Thanks to complex land pooling scheme, settling the Amaravati issue is not as simple as the proposed shifting of the administration to Visakhapatnam and AP High Court to Kurnool.

For instance, Karumanchu Suribabu, a farmer in Velgapudi, had 13 acres of land, in which he used to cultivate banana, sugarcane and other crops. He surrendered his land to the AP government under the LPS.

In return, he received open plots measuring around 15,000 square yards - a mix of residential and commercial plots. He got plots which were carved out of others' land while others got their returnable plots allotted in his land.

Registration formalities of all these plots have already been completed. This clearly indicates how complicated the land issue is in Amaravati.

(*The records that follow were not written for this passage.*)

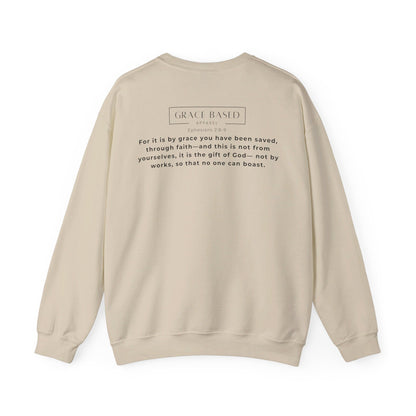 Jesus Loves This Hot Mess Sweatshirt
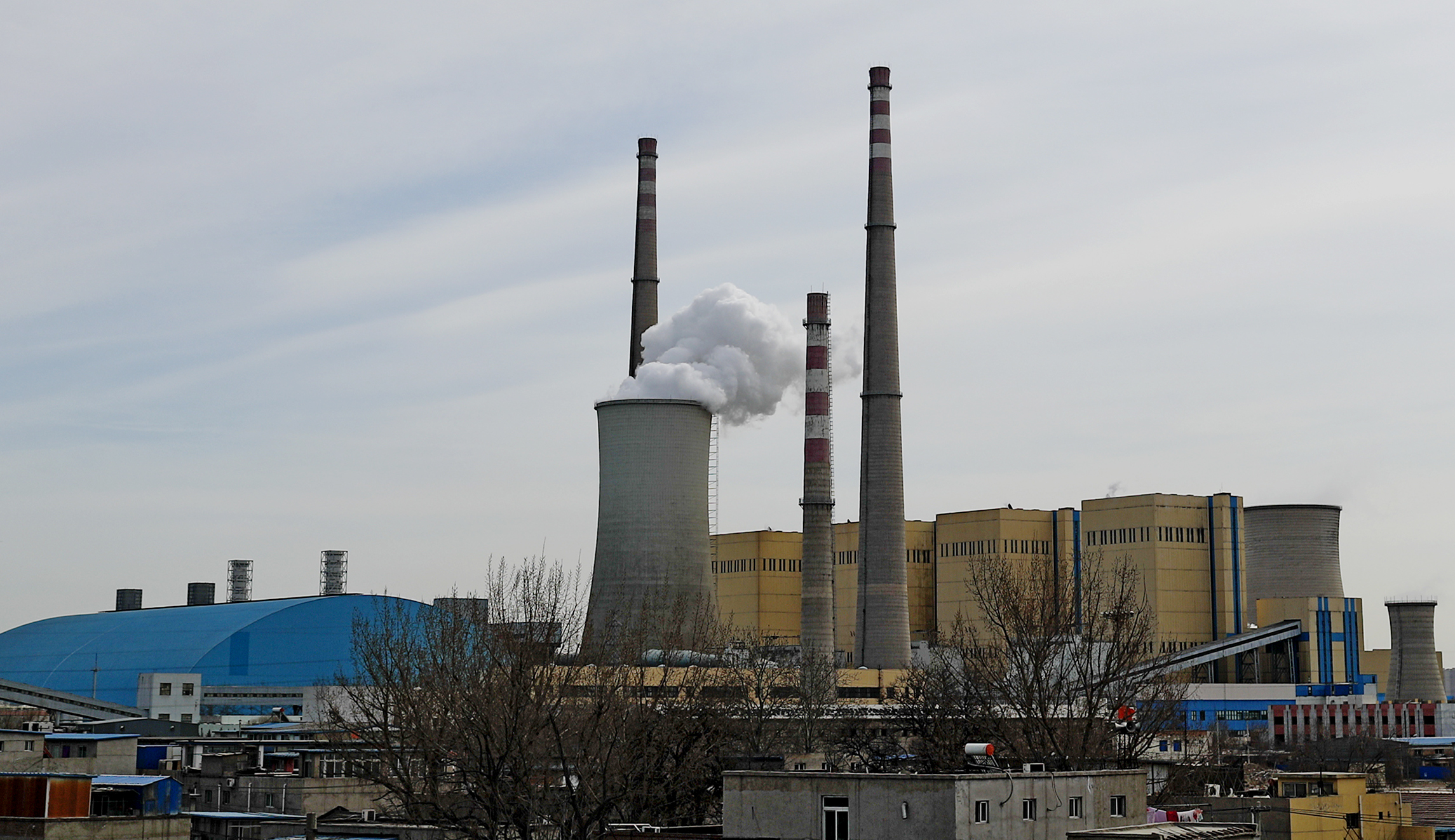 China’s continuing coal splurge underlines its disingenuous environmental rhetoric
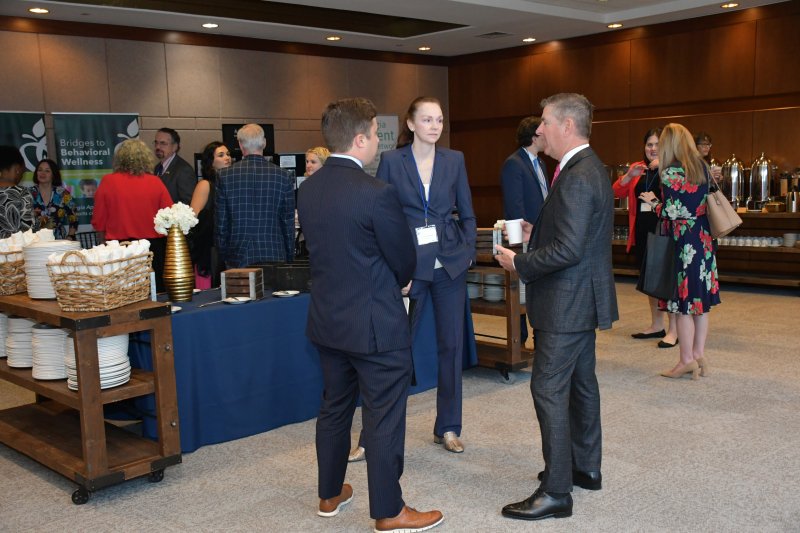 Magellan Healthcare Children's Mental Health Summit on May 4, 2022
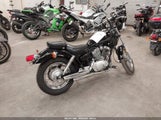 YAMAHA XV250 C JYAVG04Y7FA002120 снимка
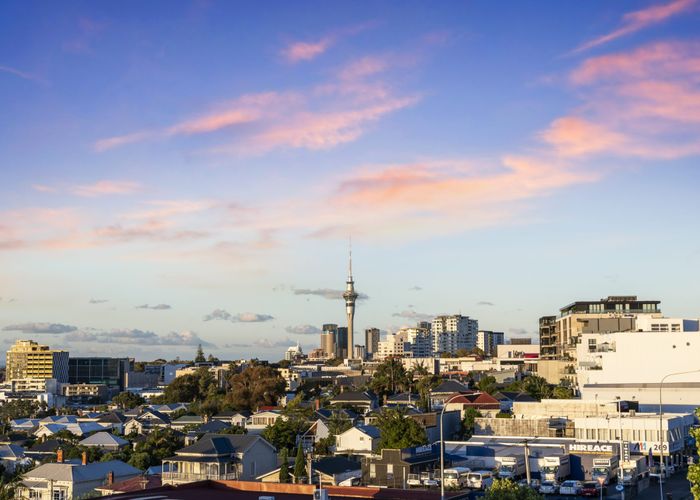  at 32/332 Great North Road, Grey Lynn, Auckland City, Auckland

Besides access road to seed capital is close to completion and over 30 internal roads have been laid. Some buildings were constructed and many more are under various stages of construction.

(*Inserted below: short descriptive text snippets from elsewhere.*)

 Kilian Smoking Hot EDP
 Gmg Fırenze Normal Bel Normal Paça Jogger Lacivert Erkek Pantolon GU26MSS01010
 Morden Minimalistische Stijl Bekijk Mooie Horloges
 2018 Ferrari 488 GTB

Canals and small streams that collect rainwater disappeared as land has been levelled to make it suitable for construction.

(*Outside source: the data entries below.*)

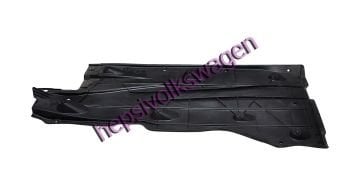 Alt Taban Muhafazası Sağ 5Q0825202L 5Q0825202E 5Q0825202J Golf 7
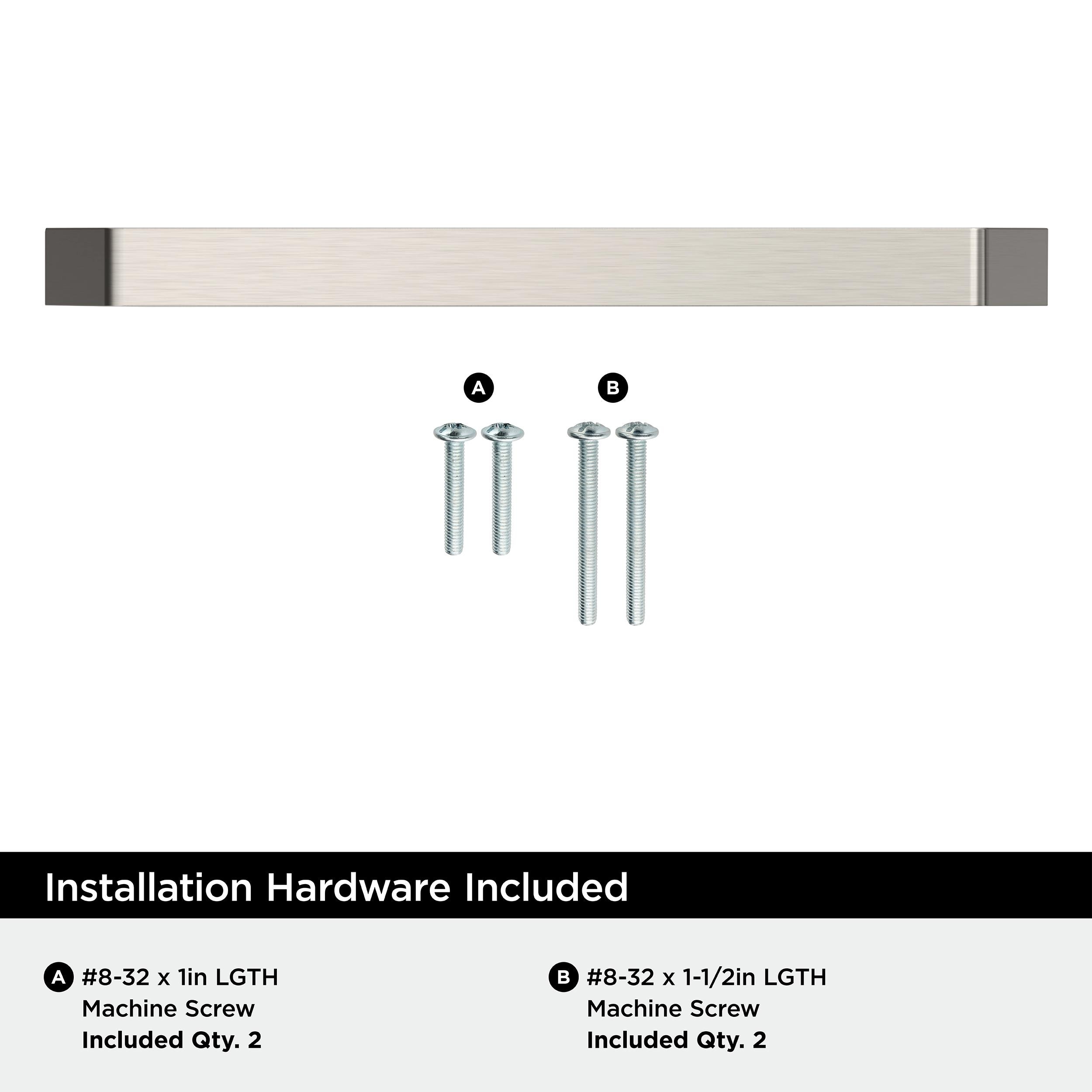 Amerock 25VMP37073G10 Cabinet-Pulls - View #3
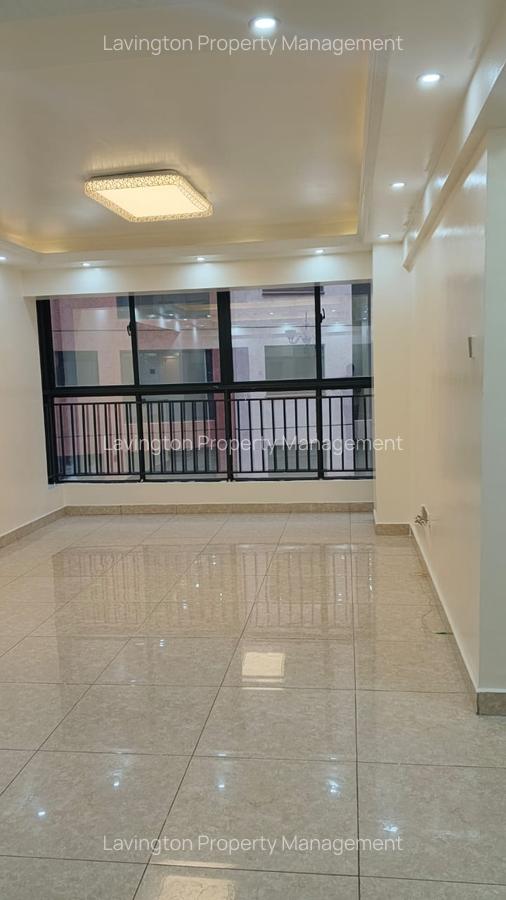 2 Bed Apartment with En Suite at Kileleshwa - 2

The big question now is how the YS Jagan government will resolve this tricky land issue. Frankly, it will not have many options at its disposal.

One option could be to give back the entire acquired land to farmers. For that to happen, it needs to dismantle all the buildings, roads and other infrastructure constructed in Amaravati area and bring the lands back into cultivable condition.

This is obviously a strenuous process and needs significant amount of funds. But it is the best possible solution from the point of farmers as they get back their lands in similar condition that they handed over to the government in 2015.

Also, there will be curtains on Amaravati capital project forever if the YS Jagan govt opts for this option.

But the destruction of constructed infrastructure may not go down well with people. Besides, such a move will draw flak from Opposition parties.

The second option could be utilising some of infrastructure created thus far, for educational institutions and as office complexes too - government or private.

The government should build access roads and other infrastructure for such facilities while removing the infrastructure including roads which will not be useful.

All the unutilised land could be distributed to original owners. However, the government should change the land use and make lands suitable for cultivation. Also, it should adequately compensate the farmers who will lose their lands.

Thirdly, it can develop the entire area into educational or green industrial hubs. But given the land prices in the area, this is an expensive process.

It's also a time-consuming move. Furthermore, companies or educational institutions may not be willing to pay high prices for land.

In addition, with uncertainty over capital and other developments, it is not going to be easy for Andhra Pradesh to attract investments in near future.

So, it is better if the AP government opts for second option of retaining usable infrastructure, destroying the rest and returning the land that will not be useful for the government.

Anyway, untangling Amaravati land knot is going to be a complex process and it will test the patience of YS Jagan government for a long time to come.

The issue will be as challenging as developing the capital. It is to be seen how AP government will handle this complicated issue.

Last word: The bottom line is simple and crystal clear. Every individual on the earth wants to own and drive a Ferrari and live in an Italian villa and enjoy seven-star holidays.

Also, every parent wants his or her children to go to best schools in BMWs, Audis and Mercedes Benz, and enjoy the best comforts the world can offer. Some people ingrained with Leftist and idealistic ideologies may be an exception to this rule.

But their number is few and far between. But the fact of the matter is that it is not possible for 99 per cent of people living in the world to lead a luxurious life. That's a preserve of a select few who are successful, capable of generating wealth and spending it wisely.

If someone ventures to provide luxurious comforts to his or her children without developing adequate streams of income sources, his or her life will become miserable and turn into a non-performing asset (NPA), the economic equivalent of hell.

This applies to common people, businessmen, industrialists as well as rulers. Playing with economics is not a safe idea.